- [PROBLEM REQUIREMENTS]
Pictures stay out; please output the remaining data exactly.

- [SUPPLIED DATA]
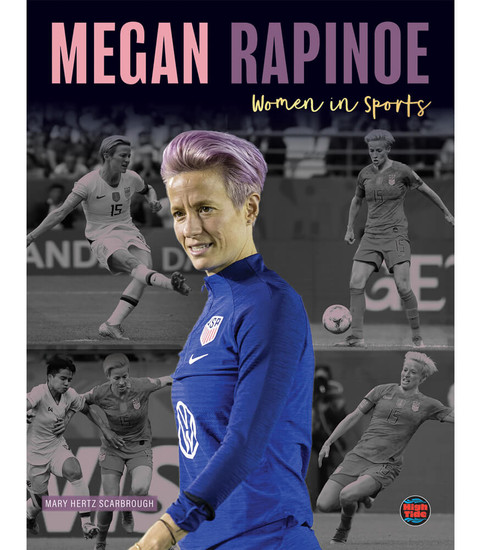 Megan Rapinoe image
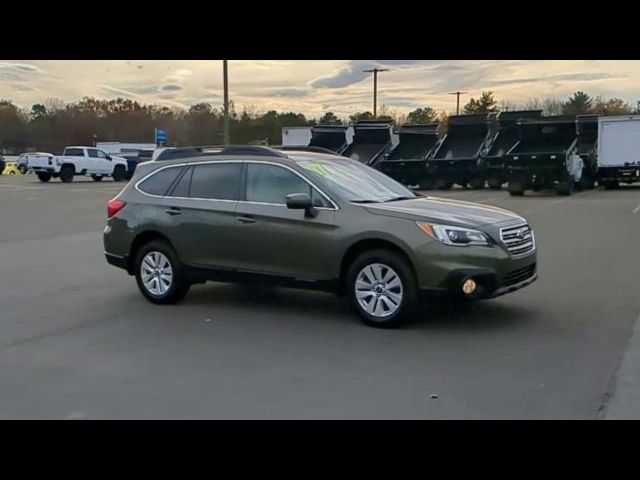 2017 Subaru Outback Premium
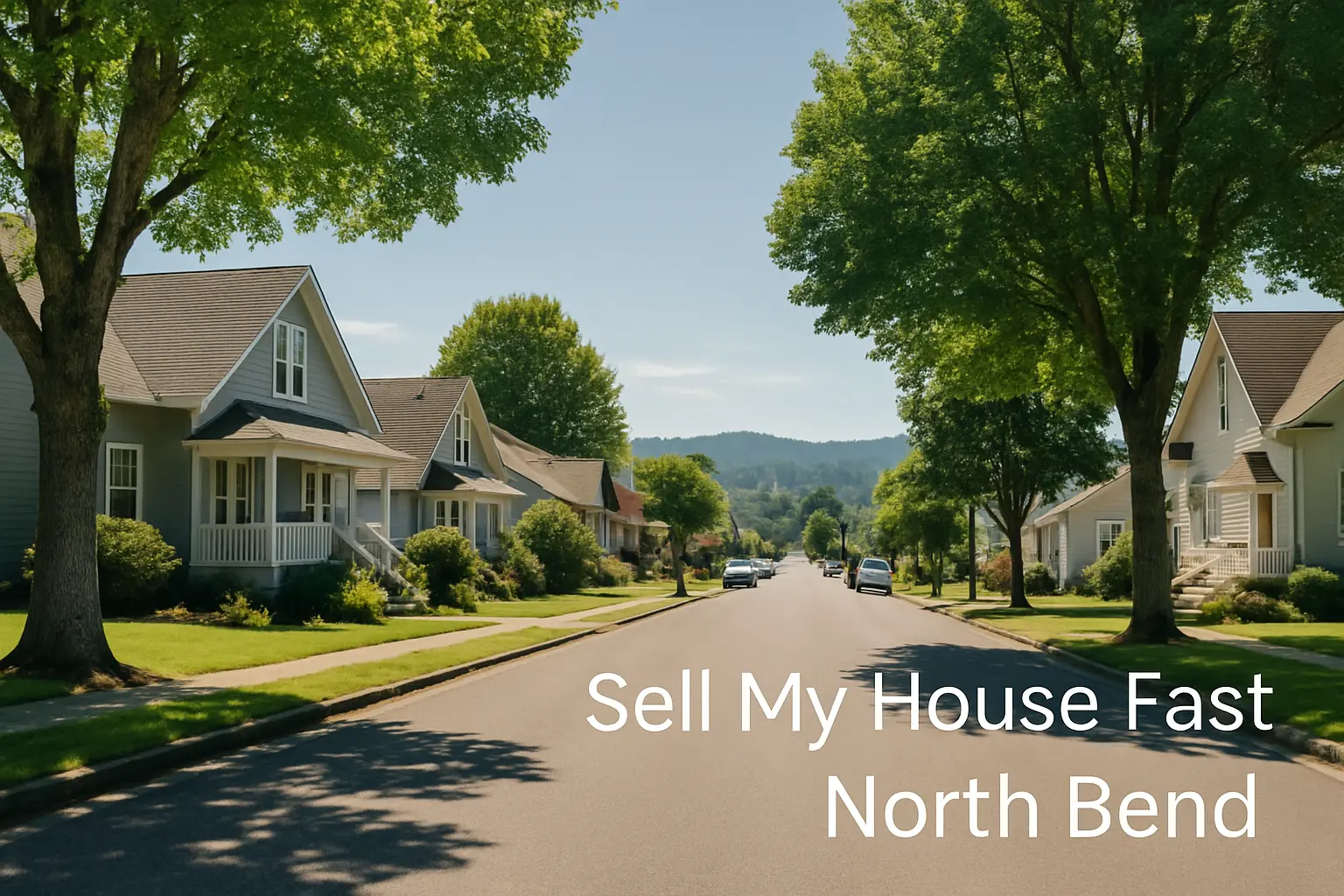 We Buy Houses North Bend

- [WORKED SOLUTION]
 Megan Rapinoe image
 2017 Subaru Outback Premium
 We Buy Houses North Bend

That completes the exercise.